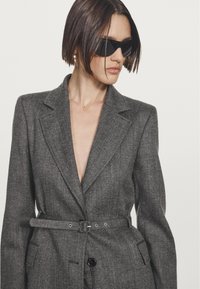 Frau mit kurzen braunen Haaren, die schwarze Sonnenbrillen und einen taillierten grauen Blazer mit breiten Revers trägt, vor einem schlichten hellen Hintergrund.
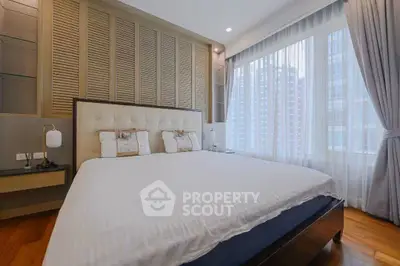 Luxurious bedroom with elegant decor and large windows offering city views.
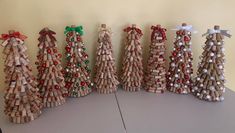 a group of wooden christmas trees sitting on top of a table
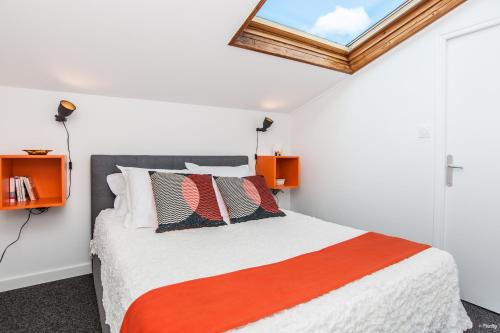 - une chambre dotée d'un lit avec une couverture orange et blanche dans l'établissement Pomme d'Eve - Hypercentre - Clim, à Toulouse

▸ **Problem statement**
Word for word, restate the lines from the one containing "Luxurious bedroom with" through the end of the listing, and nothing more. Skip the pictures.

▸ **Result for this task**
 Luxurious bedroom with elegant decor and large windows offering city views.
 a group of wooden christmas trees sitting on top of a table
 - une chambre dotée d'un lit avec une couverture orange et blanche dans l'établissement Pomme d'Eve - Hypercentre - Clim, à Toulouse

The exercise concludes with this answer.